Through whole-genome sequencing analysis, we found that EcN has a relatively complete T6SS system and a Contact-Dependent Growth Inhibition (CDI) system. However, compared to the T6SS-active Escherichia coli 042, EcN lacks the tagh gene, which has been proven to play an important regulatory role in the T6SS system of Vibrio cholerae. Therefore, we introduced the tagh gene from E. coli 042 into EcN via plasmid to observe its effects on EcN's offensive capabilities. Additionally, we overexpressed the cdiB gene in EcN's CDI system to further evaluate whether it could enhance its attack potency.

References

[1] Chao Zheng, Defeng Li, Yinglan Wang, Lisheng Wang, Yuting Huang, Jun Yao. Risk factors and genetic characteristics of the carriage of hypervirulent and carbapenem-resistant Acinetobacter baumannii among pregnant women. Front Microbiol. 2024 Mar 20:15:1351722.
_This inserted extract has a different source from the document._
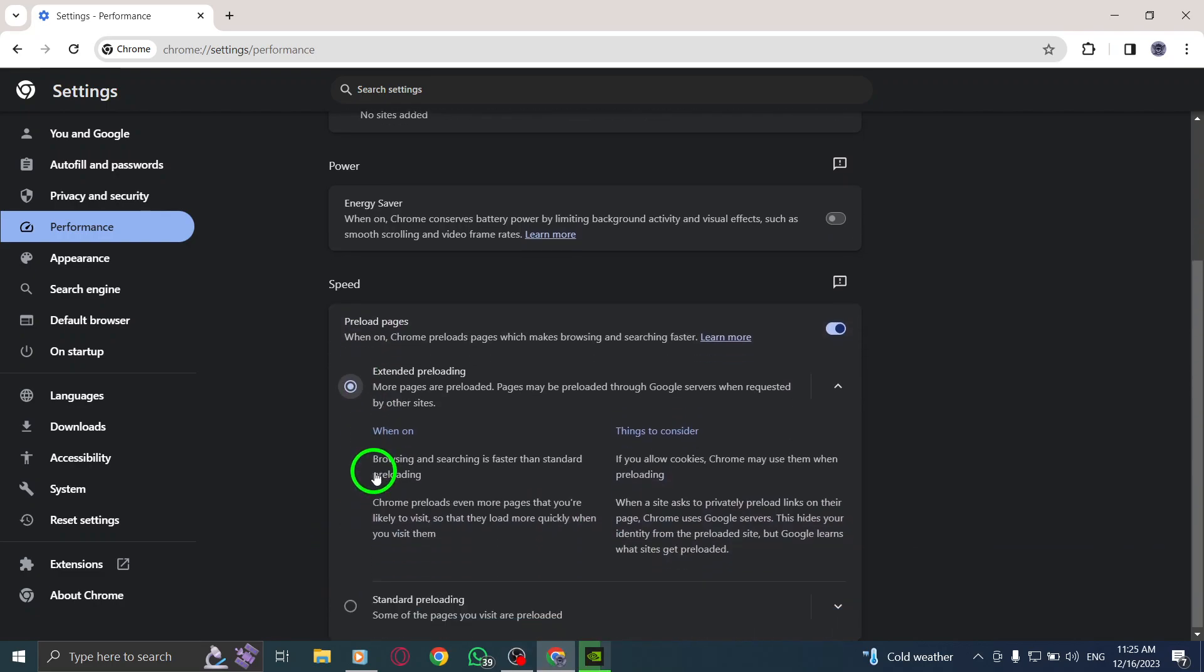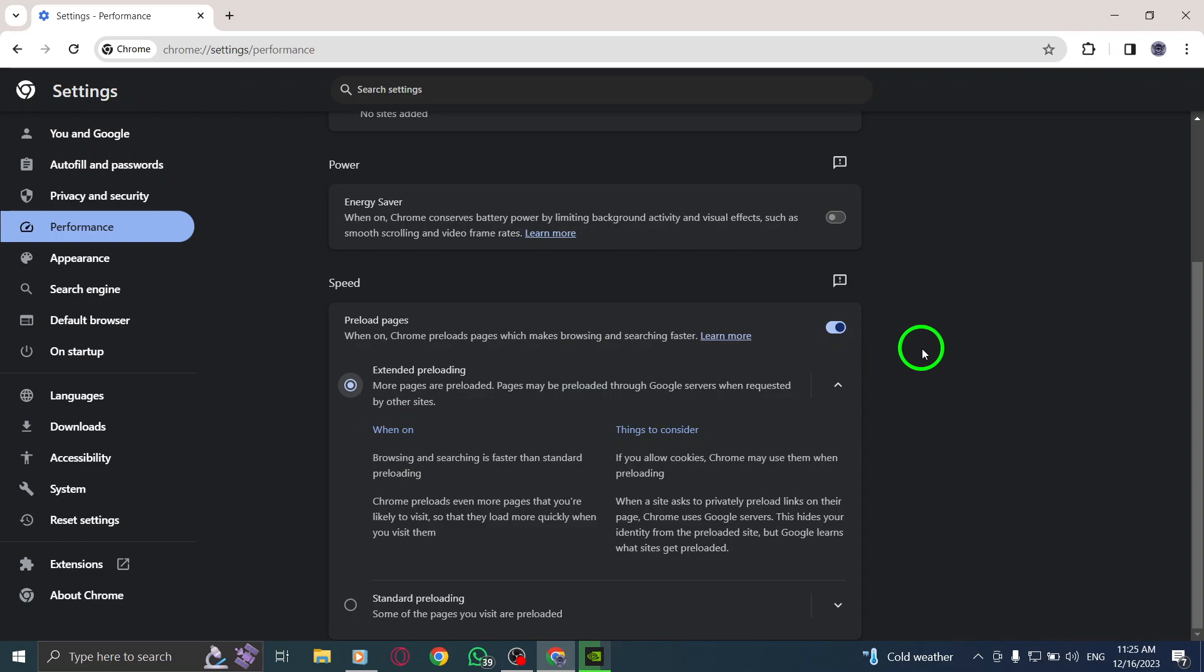By enabling Extended Preloading in Chrome, the browser will anticipate the web pages you are likely to visit and preload them in the background, resulting in faster page loading times.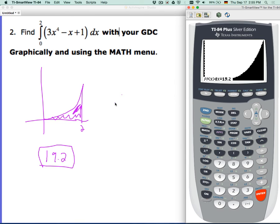Now, if yours does not look like mine, chances are very high that you didn't window correctly. Window: x min 0, x max 2, zoom fit, and you'll get the same picture as me.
[2] B Stentebjerg-Olesen, T Chakraborty, P Klemm. Type 1 fimbriation and phase switching in a natural Escherichia coli fimB null strain, Nissle 1917. J Bacteriol. 1999 Dec;181(24):7470-8.
[3] Margot Marie Dessartine, Artemis Kosta, Thierry Doan, Éric Cascales, Jean-Philippe Côté. Type 1 fimbriae-mediated collective protection against type 6 secretion system attacks. mBio. 2024 Apr 10;15(4):e0255323.
[4] Yi Ma, Wei Fu, Bin Hong, Xinfeng Wang, Shoujin Jiang, Jufang Wang. Antibacterial MccM as the Major Microcin in Escherichia coli Nissle 1917 against Pathogenic Enterobacteria. Int J Mol Sci. 2023 Jul 20;24(14):11688.
[5] Ahmad M Aljohani, Cecile El-Chami, Muna Alhubail, Ruth G Ledder, Catherine A O'Neill, Andrew J McBain. Escherichia coli Nissle 1917 inhibits biofilm formation and mitigates virulence in Pseudomonas aeruginosa. Front Microbiol. 2023 Mar 8:14:1108273.